1. Fixing An Unhappy Marriage
If you decide to stay and repair your marriage, then before beginning the healing process, have an honest heart-to-heart conversation with your partner because both of you need to work together to make it work.
- Diagnose and seek help early: Do not wait until you both start resenting each other. It is easier to repair when the conflicts are still at a nascent stage than at a later stage. This does not mean you make a big deal out of trivial things. Watch out for the signs listed above and take action.
- Listen to each other: Everyone has fears, triggers and pains, and when in a relationship they expect to be heard. Next time when your spouse is talking about spending time together, listen and understand them instead of blaming and accusing them.
- Make your marriage your top priority: It is time to bring your relationship to the top of your priority list. Work until you both are back on the track again. And then, you will be surprised how much laughter you can have in your relationship.
- Stop thinking about divorce: Once you have decided to work on the relationship, throw the thought of getting divorced out of your mind. Remember, you cannot get back to normal overnight; you will hit dead ends but do not get discouraged. Run again, stay focused and try to love some more.
- Give, do not expect: You both might have started together, but now you have come halfway, while your spouse is progressing slowly. Do not stop to compare yourself with them. Continue being positive, and motivate your spouse. Eventually, your spouse will also pick up.
- When you do something, mean it: If you are saying, “I love you,” mean it. If you are really missing them, tell them. Words have the power to melt the coldest of hearts. Have enough patience to try again if your spouse is pushing you away. With time, they will definitely realize your efforts.
- Be open and loyal: Do not repeat past mistakes. Let go of your pride and ego, as they are not worth losing your partner. If you have cheated on your partner, then take up the responsibility of being transparent about your whereabouts and your devices. Never make them doubt your intentions again. If you are angry, tell them; if you are happy, let them know.
2. The Well-thought Divorce
Consider this option only when you are one hundred percent sure of your feelings and prepared for the outcome. Divorce is not an easy process, and you need to be strong enough to go through it. However, if divorce is the only option, do not hesitate. It could be painful now but will heal with time.
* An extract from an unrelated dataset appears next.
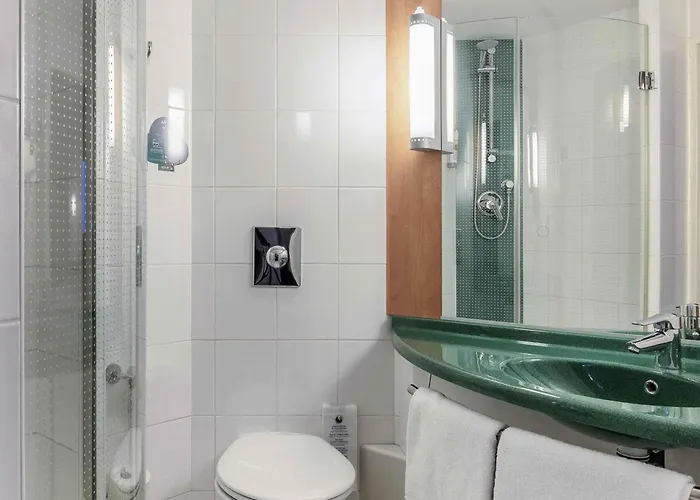Ibis Old Town 3*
If you have children, explain to them why you had to take this decision but do not blame your partner for that. Take some time for yourself to come out of the trauma. Go for therapy and learn how to handle such situations gracefully. Finally, divert your mind and focus on your action plan, find a job, and work on rebuilding your life.
If the arguments are increasing, both you and your partner are becoming ignorant of each other’s feelings, and the marriage is starting to take a toll on your life, it may be an indication of an unhappy marriage. Although small flights and conflicts are common, some signs cannot be brushed off easily. Instead of seeking divorce immediately, you may try reasoning out and having an open conversation. Decide after considering the pros and cons. A happy marriage requires mutual understanding, compromise, and hard work to turn things around and build a long-lasting relationship.
- Constant fights with your partner, lack of emotional support, and an abusive environment are some signs of an unhappy marriage.
- It can adversely affect you, your children, and your family, leading to emotional issues, disharmony, alcoholism, and more.
- Resolve the problem by prioritizing your marriage, communicating effectively, and seeking professional help if necessary.